Опьяненная безнаказанностью (и первой кровью) низовая масса революции инстинктивно стремится всяким новым разнузданным жестом закрепить воцарившийся хаос как порядок. Утопия провозглашаемого равенства в реальности приводит к «карнавальной» мене верха и низа. Прогрессивная молодежь, весело разъезжавшая в начале «праздника» с солдатней на реквизированных автомобилях, добровольно (либо подчиняясь общему настроению) обращается в прислугу «меньшей братьи». В аристократическом особняке устроена столовая для солдат:

…молодые Сабуровы и гимназистки, курсистки и студенты дружеских семей подносили, услуживали, накладывали, бежали на кухню за сменой – и были веселы, громки, в большом оживлении от своей деятельности.

(381)

В Москве курсистки «чистили овощи, варили щи и макароны в невероятных количествах», дабы кормить солдат и толпу, что довольно быстро надоедает Ксенье – на второй день она чистить картошку не пошла (316).

С энтузиазмом заведует солдатской чайной на Петербургской стороне и прежде революционно настроенная Варя, но и ей не удается закрыть глаза на происки примазавшихся к революции мошенников и хамство «некоторых типов», которые «регулярно ели у них по три-четыре раза в день, и оставались тут вот уже на четвёртую ночь, без винтовок» (395).

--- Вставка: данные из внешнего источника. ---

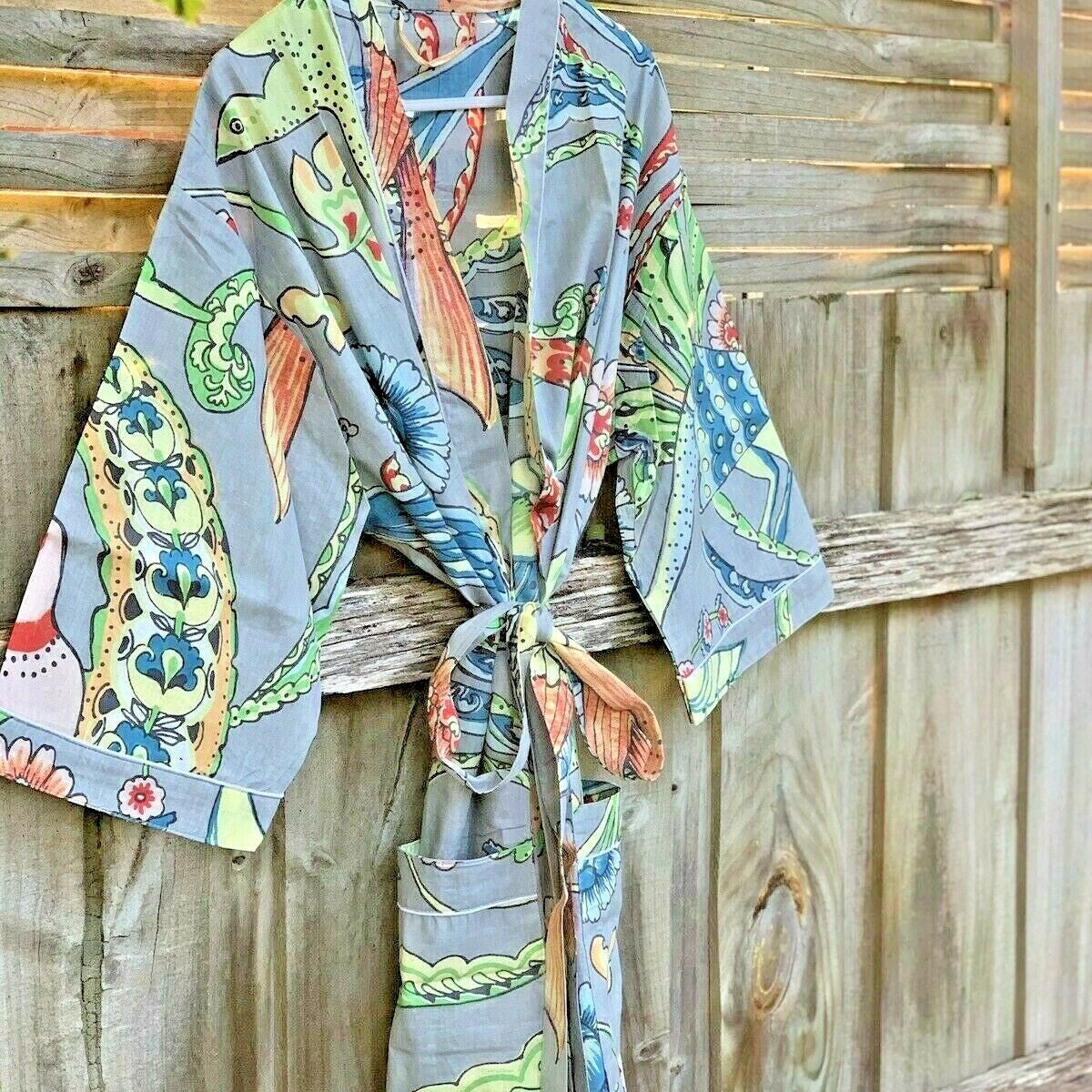 Offers 100% cotton yukata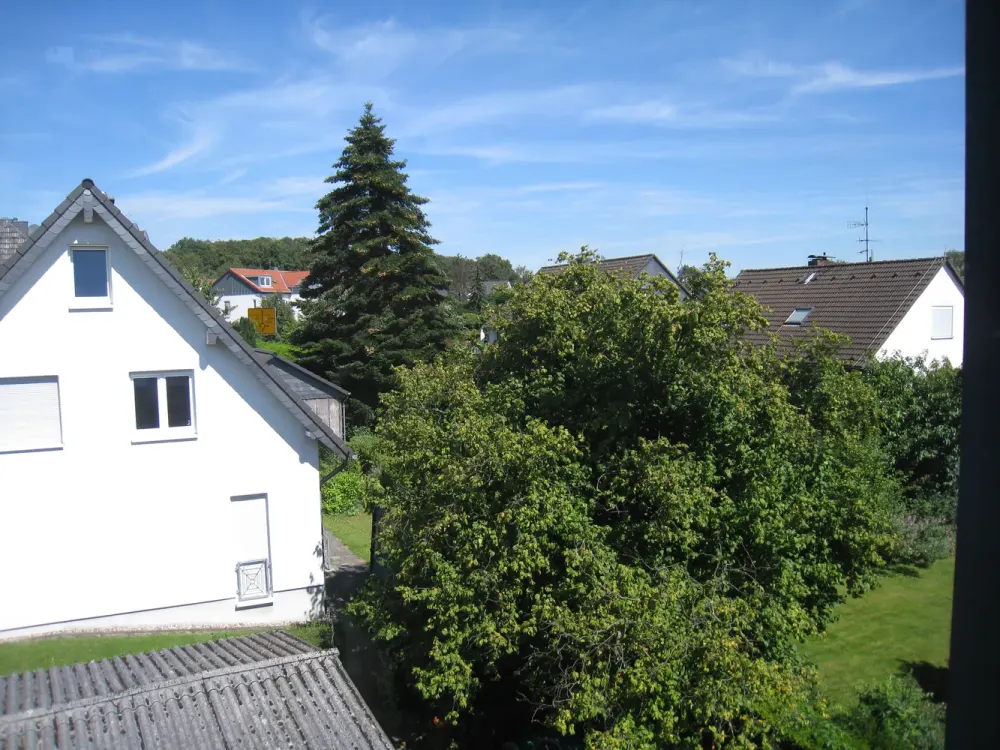 Wohnen mit Weitblick: Geräumige 2-Zimmer-Dachgeschosswohnung in Heiligenhaus-Isenbügel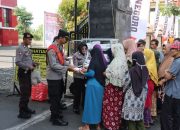 Polres Bojonegoro Bagikan Puluhan Nasi Kotak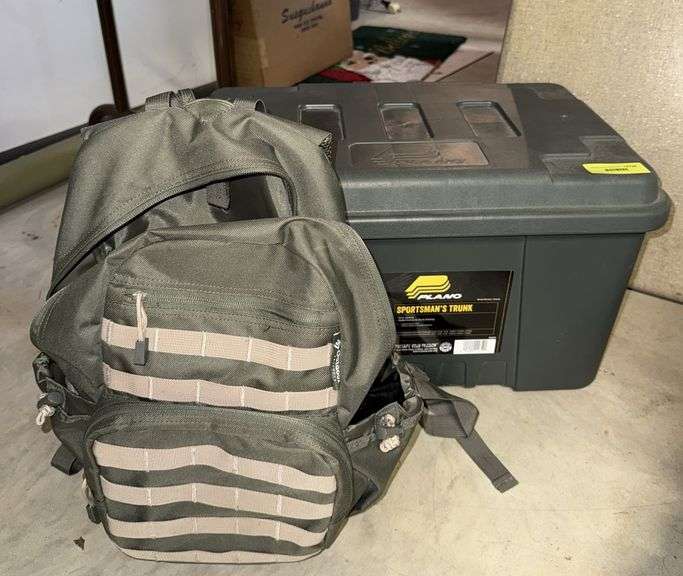 Plano sportsmanship trunk and gear bag image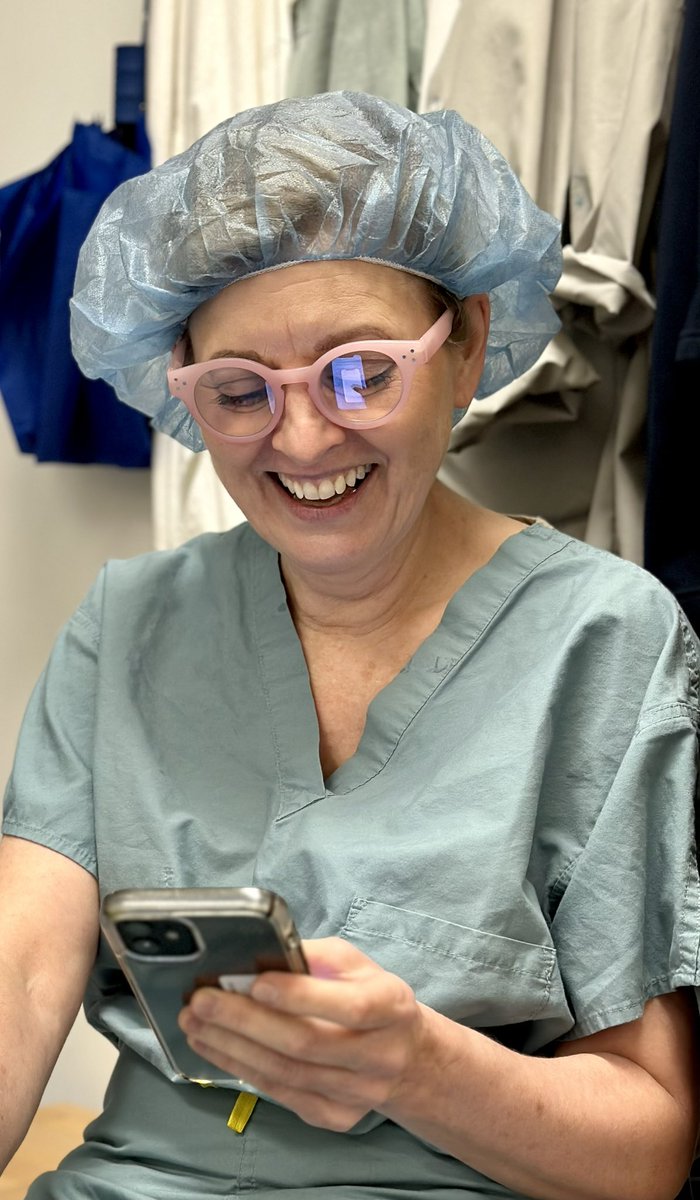 #Pediatric #Neurosurgery #Thinker #Style 🤓#ImitationIsTheBestFormOfFlattery @LurieNeurosurg @NeurosurgeryNM  #WhoWoreItBest? #PinkGlasses #glasses #DeepInThought #Smiles @PedsSection @McGawGME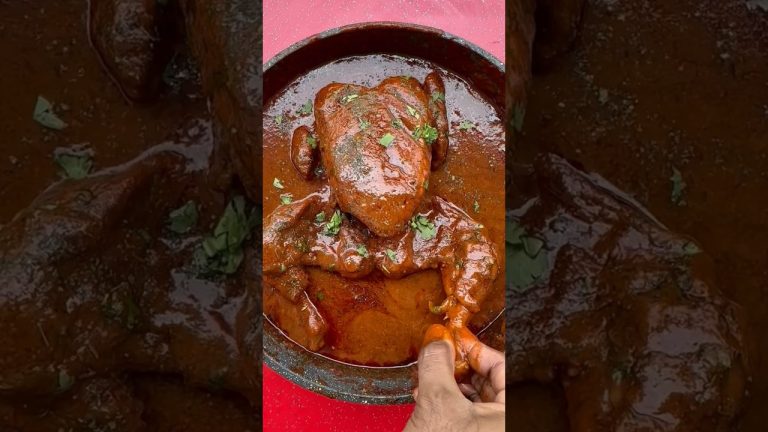 Mantra-Murgh🐓: Recipe in Description #shorts #youtubeshorts #murghmusallam #chickencurry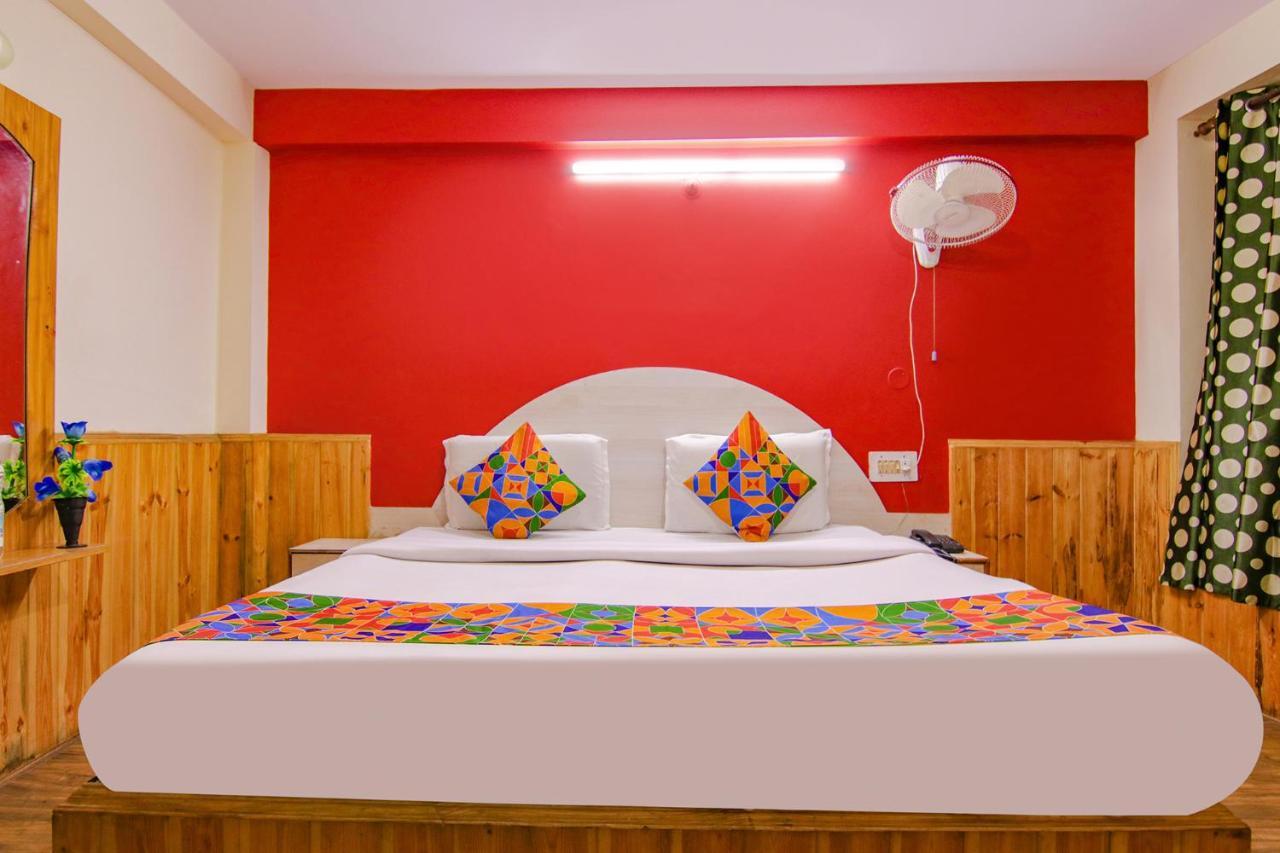 FabHotel Pushpak Manāli Exterior foto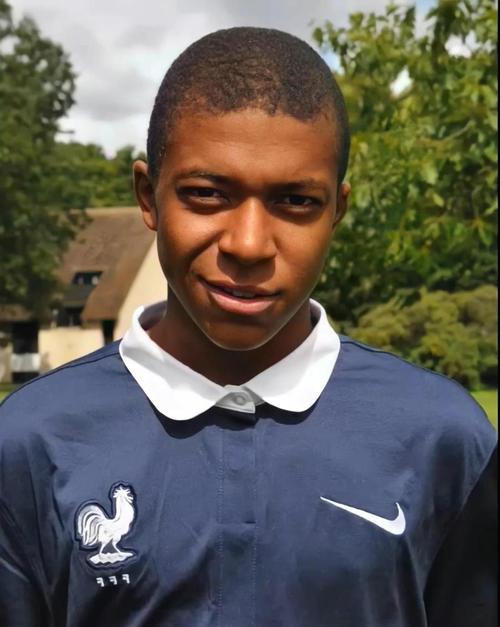 湖人斯马特谈伤势：就是背部痉挛，属于多年积劳造成的损耗（湖人斯马特谈伤情：背部痉挛，系长期积劳所致的磨损）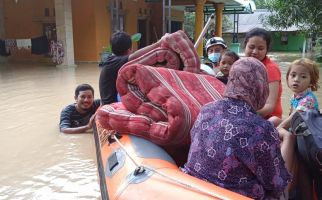 19 Kecamatan di Bekasi Masih Banjir, Puluhan Ribu Warga Mengungsi - JPNN.com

С другой стороны, прислуга громогласно заявляет о своих правах, не щадя ни монархистки Андозерской (504), ни московских либеральных евреек, уверенных, что «революция прислуги – это и есть из первых актов черносотенства» (560). В торжествующем хаосе невозможно отличить революционеров, врывающихся для обысков в квартиры (и заодно там кое-какие вещички прихватывающих) от налетчиков, смекнувших, что пришло время поживиться. Распахнув двери тюрем (тут низовая жажда воли и справедливости взаимодействует с идеологическими концептами либеральных верхов), революция дарует свободу уголовникам, которые отнюдь не намерены оставлять свой промысел. Зато циркулируют трогательные слухи о благородстве мошенников:

…на Хитровом рынке полицейские обещали ворам водку, чтобы помогли скрыться; а хитрованцы, хотя водку и взяли, но привели полицейских в городскую думу: «Поверьте, господа, что и мы, хитрованцы, не нарушим порядка в такие святые дни». И будто на Хитровом рынке, действительно, поразительный порядок…

(316)

Гуляют и слухи зловещие – о носящемся по всему Петрограду загадочном черном автомобиле, из которого ведется стрельба, о приспешниках старого режима, палящих в народ из окон, о грандиозном заговоре черносотенцев, о погромах, о том, что царь намеревался открыть фронт немцам. «Врагом» можно назначить кого угодно, именно потому, что настоящих противников у революции нет, а мифология требует их выявления. В равной мере бессмысленны аресты бывших министров, сановников, генералов и захваченного дома юного офицера:

– За что вас арестовали?

<…>

– Наверно за то, что фамилия немецкая. И что стрелял с чердака.

– А какая именно фамилия?

– Кривошеин.

– Позвольте, какая ж это немецкая? – улыбался тот.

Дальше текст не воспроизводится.